先生说:“做学问的功夫有浅有深,开始学习的时候如果不切实用功去让自己喜欢善、讨厌恶,怎么能够积累善、去除恶呢?这个切实的意念,就是‘诚意’。然而,如果不知道心的本体原本就是纯粹无物的,时时刻意地让自己喜欢善、讨厌恶,就会凭空多出一分意念,就不是心体开阔公正了。《尚书》中说‘不刻意为善,不刻意为恶’,这就是心的本体。所以说‘有怨恨、愤怒、喜好、快乐的感情,会使得心体失去中正’,‘正心’只是在‘诚意’的功夫中去体会自己的心体,使自己的心体像镜子一般空明、像秤一样平衡,这就是‘感情未发出来时的中正之道’。”
【一二一】
正之[177]问:“戒惧是己所不知时工夫,慎独是己所独知时工夫,此说如何?”
先生曰:“只是一个工夫。无事时固是独知[178],有事时亦是独知。人若不知于此独知之地用力,只在人所共知处用功,便是作伪,便是‘见君子而后厌然’[179]。此独知处便是诚的萌芽,此处不论善念恶念,更无虚假,一是百是,一错百错,正是王霸、义利、诚伪、善恶界头。于此一立立定,便是端本澄源,便是立诚[180]。古人许多诚身的工夫,精神命脉,全体只在此处,真是莫见莫显,无时无处,无终无始,只是此个工夫。今若又分戒惧为己所不知,即工夫便支离,亦有间断。既戒惧即是知,己若不知,是谁戒惧?如此见解,便要流入断灭禅定[181]。”
曰:“不论善念恶念,更无虚假,则独知之地,更无无念时邪?”
曰:“戒惧亦是念。戒惧之念,无时可息。若戒惧之心稍有不存,不是昏聩,便已流入恶念。自朝至暮,自少至老,若要无念,即是己不知。此除是昏睡,除是槁木死灰。”
【译文】
黄弘纲问:“戒惧是在自己不知道的时候下的功夫,慎独是独处时下的功夫,这么说对吗?”
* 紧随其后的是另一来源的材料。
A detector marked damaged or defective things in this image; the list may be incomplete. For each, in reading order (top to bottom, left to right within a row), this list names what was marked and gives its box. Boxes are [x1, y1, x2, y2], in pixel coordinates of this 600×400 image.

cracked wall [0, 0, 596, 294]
先生说:“两者只是同一个功夫。无事时固然是独处,有事时也是独处。人如果不在独处时下功夫,只在与他人共处时用功,就是作假,就是‘见到君子然后收敛恶行’。独处的时候便是诚的萌芽,这时无论善念恶念,没有丝毫作假,一对都对,一错都错,这正是王道与霸道、义和利、诚和伪、善与恶的分界处。在此时坚定志向,就是正本清源,就是确立诚德。古人所说的许多至诚修身的功夫,精神实质也都在此,真是看不见也不显现,不知在何处,也不知从何处开始的功夫。如今若把戒惧看成是自己不知道的时候的功夫,便把功夫分开来看了,中间多出了隔断。戒惧就是知,如果自己不知,那么是谁在戒惧?如果持这种见解,就会沦入断灭禅定了。”